Nell’immaginario dei media, Paul Krugman (1) è diventato il novello Keynes. Il Nobel per l’economia predica da sempre che la ricetta dello stimolo è l’unica che possa salvare il mondo dalla Grande Depressione, e s’infuria quando s’accorge che non tutti la pensano come lui. S’arrabbia con Barack Obama, perché non ha ancora fatto approvare un secondo pacchetto di stimolo, e anzi lascia che i cosiddetti «merkeliani» avanzino le loro idee all’interno dell’Amministrazione (2).

I «merkeliani» sono soprattutto i consiglieri politici, che hanno a cuore il fatto che non si arrivi alla soglia delle elezioni del 2012 nel momento peggiore della politica tax and spend. La moda europea di mettere a posto i bilanci, poi, è il sommo cruccio di Krugman. Se il Vecchio Continente insiste nel deprimere la domanda con l’adozione di rigide politiche di austerity, spiega il premio Nobel, tutto il mondo ne risentirà, a partire dagli americani. Anche l’Amministrazione Obama su questo è d’accordo, come è emerso durante l’ultimo vertice del G20, soprattutto quando fa le sue valutazioni in vista delle elezioni di mid-term: l’occupazione – il vero obiettivo politico di quest’anno – non può crescere se non c’è una domanda forte all’estero di prodotti americani. Nel suo piano, Obama prevede che le esportazioni statunitensi raddoppino entro il 2015 (3). Soltanto così, secondo lui, si possono creare nuovi posti di lavoro.

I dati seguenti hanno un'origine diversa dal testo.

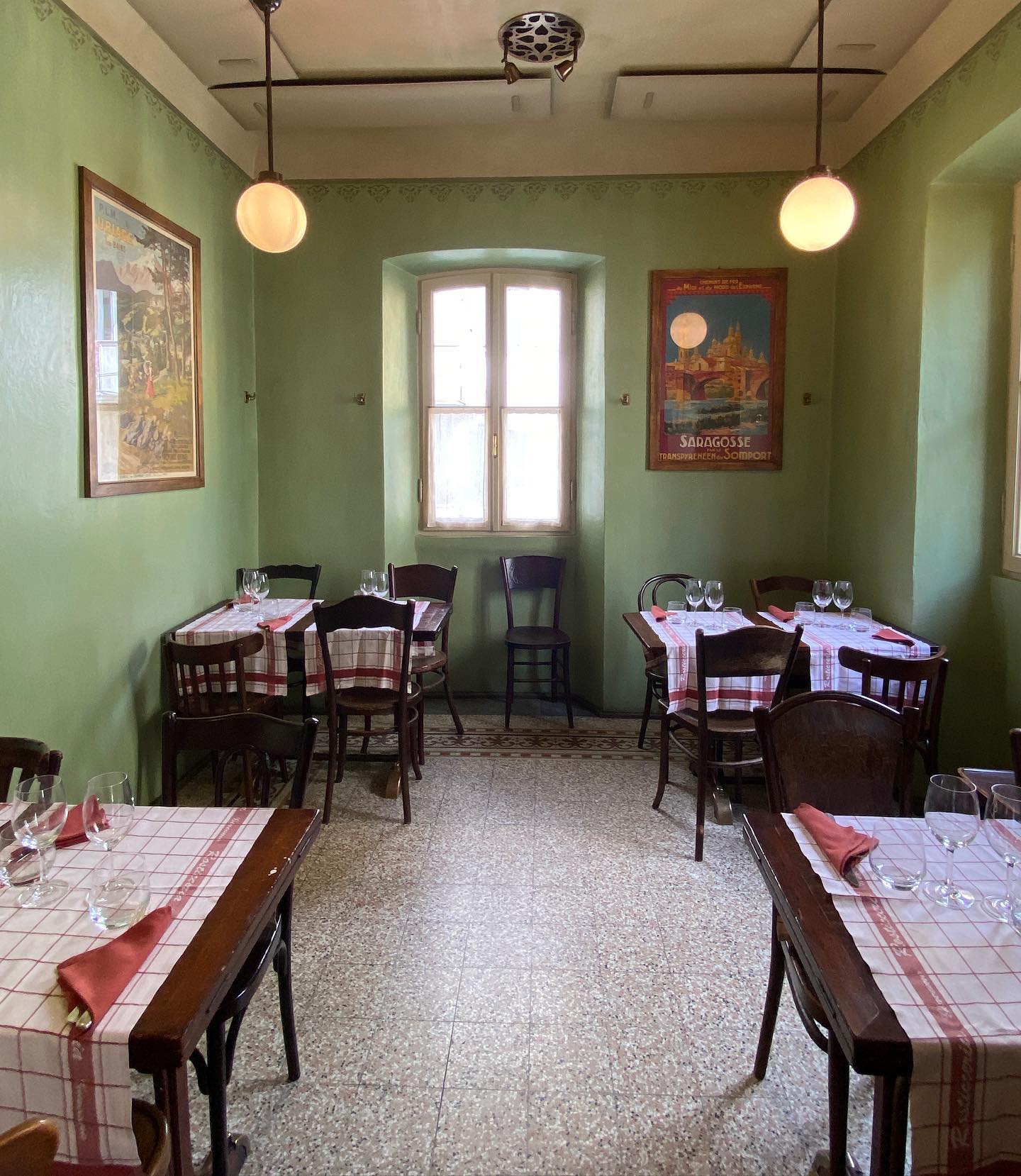 Traditional arranged wooden tables with tablecloth and glass at Giacomo Rosticceria Restaurant in Milan Piedmont in Italy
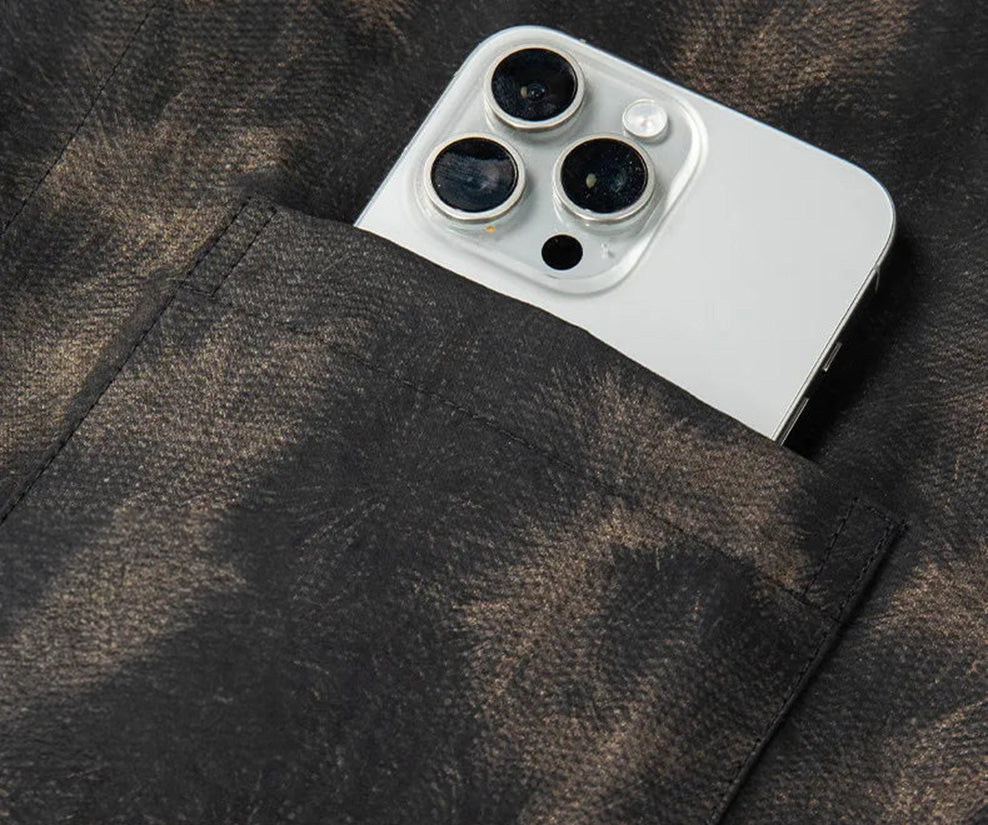 Shirt pocket detail with a phone on Men's Xiangyunsha silk shirt in Rutilated Graphite color, showcasing the unique handmade pattern — From Borcelleclothes.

Ma l’austerity deprime davvero la domanda? Krugman ne è assolutamente certo, e quando si sente preso troppo di mira da chi sostiene altro rispetto a lui, si ribella. Il premio Nobel sembra tanto spocchioso quanto ironico, soprattutto al di fuori delle sue colonne sul «New York Times», sul suo blog per esempio (4).

È successo con «The Economist», che l’ha citato in un editoriale in cui criticava la posizione krugmanian-keynesiana. Krugman ha risposto (5): «I’m Gonna Haul Out The Next Guy Who Calls Me “Crude” And Punch Him In The Kisser», che è come dire «smettetela di contraddirmi o vi spaccherò il muso».

È successo con John Paulson, che guida un importante hedge fund. Secondo Krugman è in arrivo una Terza Depressione, soprattutto se continua la tendenza all’austerità di buona parte del globo. Paulson, invece, scommette sulla ripresa. Chi ha ragione?, chiede «Businessweek» (6). Entrambi hanno buoni argomenti, soltanto il tempo dirà chi sta facendo la scommessa migliore. Ma Paulson gioca con il mercato, e Krugman con la storia, chiosa il magazine, «che è ben più complesso». Intanto il premio Nobel non si fa sfuggire l’occasione per fare polemica: segnala che Paulson ha perso profitti per due mesi di fila (7) e commenta: «Spero che per Paulson le cose migliorino, ma non scommetteteci troppo».